Scaly-breasted Munia Lonchura punctulata: A dozen or so in the above-mentioned flock near Makassar.
Chestnut Munia Lonchura malacca: Some big flocks were in the grass around Wuasa, and then we found more near Makassar and in northern Sulawesi.
Pale-headed Munia Lonchura pallida: Having missed our chance to see these at the regular spot near Palu, it was relief all round when we found six with a busy Munia flock near Makassar. Endemic to the Sulawesi subregion and Lesser Sundas.

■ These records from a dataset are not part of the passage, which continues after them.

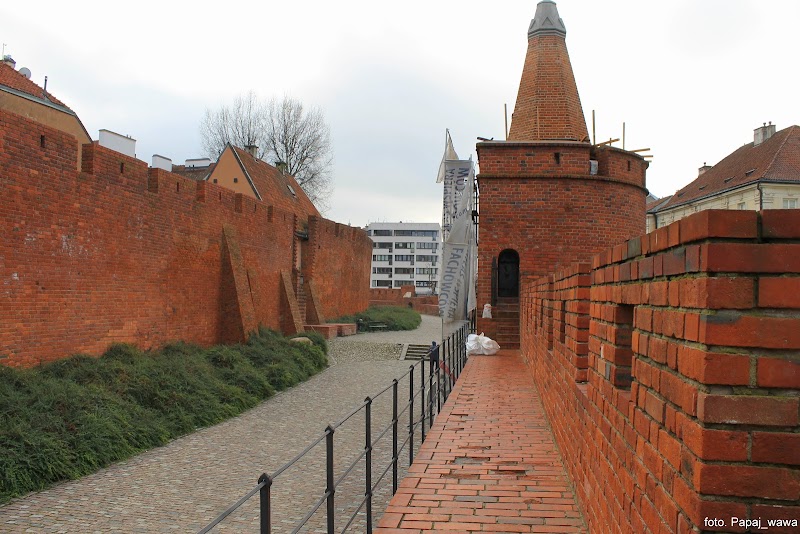 Warsaw Barbican - Warsaw Barbican, Nowomiejska 15/17, 00-257 Warszawa, Poland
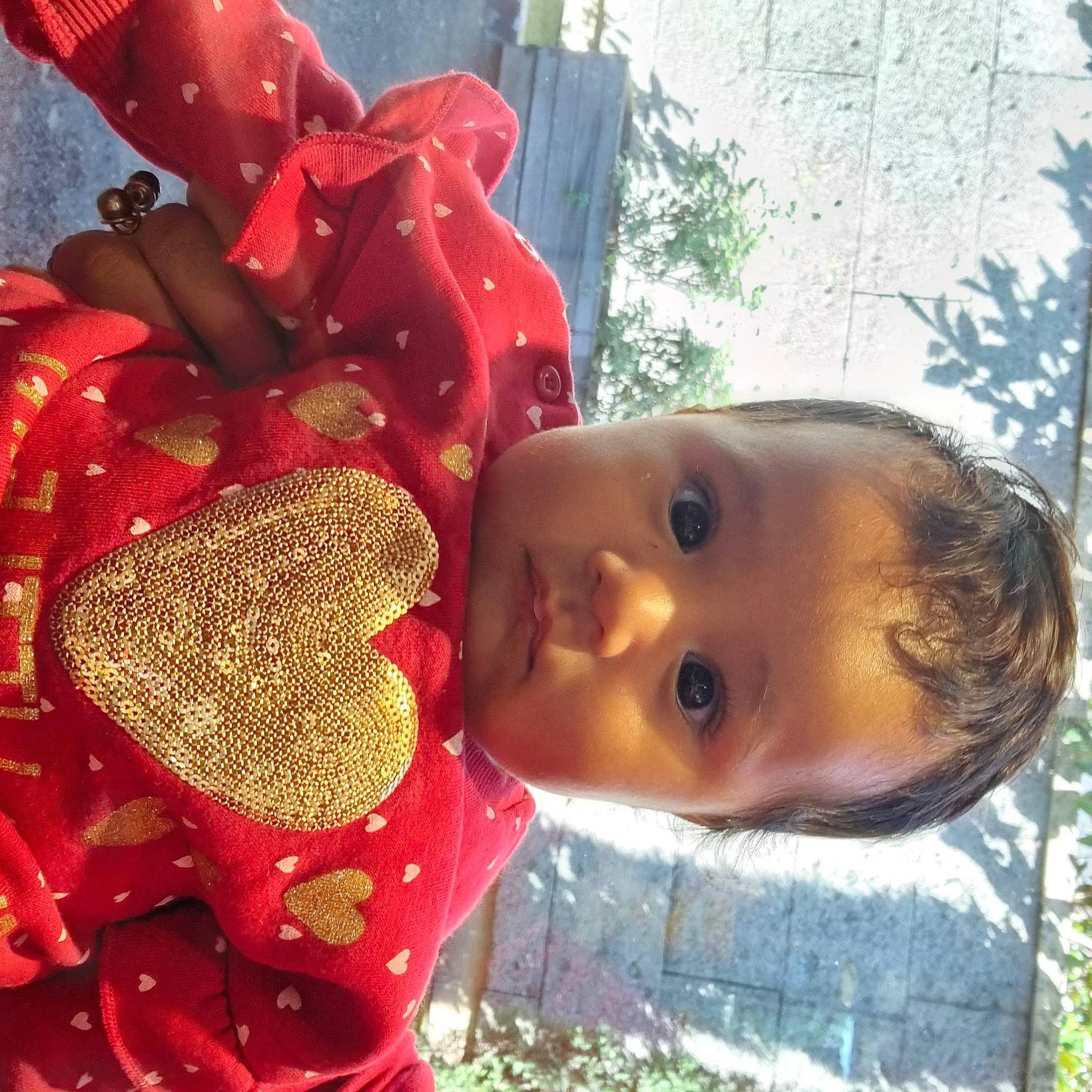 Kaleana participe au concours pour gagner de l'argent avec cette photo : baby, carmine, child, event, fashion_accessory, fun, grass, happy, hat, headgear, holiday, magenta, metal, organism, person, petal, plant, toddler, toy, tradition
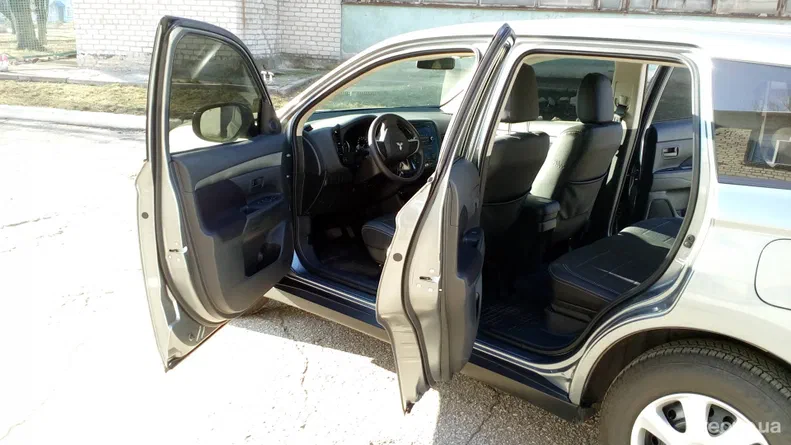 Mitsubishi Outlander 2014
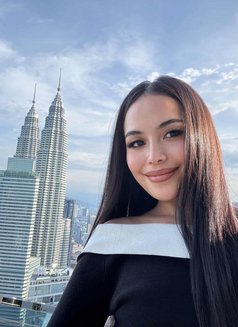 Mina - escort in Okinawa Island Photo 5 of 9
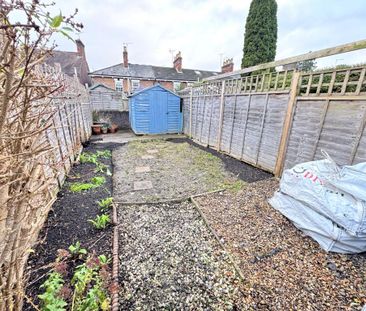 2 bedroom terraced house to rent - Photo 1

Java Sparrow Padda oryzivora: Ooh.. can we not tick it? Two were with the Munia flock described above, and then another two were seen at our paddyfield lunch stopEnear Anurang. Introduced to Sulawesi.

FRINGILLIDAE
Mountain Serin (Indonesian S) Serinus estherae: We often have to settle for flight views of these fellows, and this year was no different. We saw them on two days along the Anaso track, with at least six birds in the air at once, but that was all we could manage. The race here is undescribed, and differs from other races in having orange instead of yellow on the rump, face and forehead.


MAMMALS
Sulawesi Dwarf Squirrel Prosciurillus murinus: With a fair amount of presumption over the identity of these due to the lack of a mammal guide, we saw several of these at Lore Lindu and at Tangkoko.
Spectral Tarsier Tarsius spectrum: No mystery about the identity of these! Two of these spooky-looking nocturnal creatures were seen roosting in a huge Fig tree at Tangkoko. Also heard squeaking at Gunung Ambang.
Moor Macaque Macaca maura (NL): One seen at Karaenta forest.
Sulawesi Crested Macaque Macaca nigra: A fine looking troop of these impressive beasts appeared in the beach forest at Tangkoko.
Tonkean Macaque Macaca tonkeana: A group of ten or so were seen at Lore Lindu.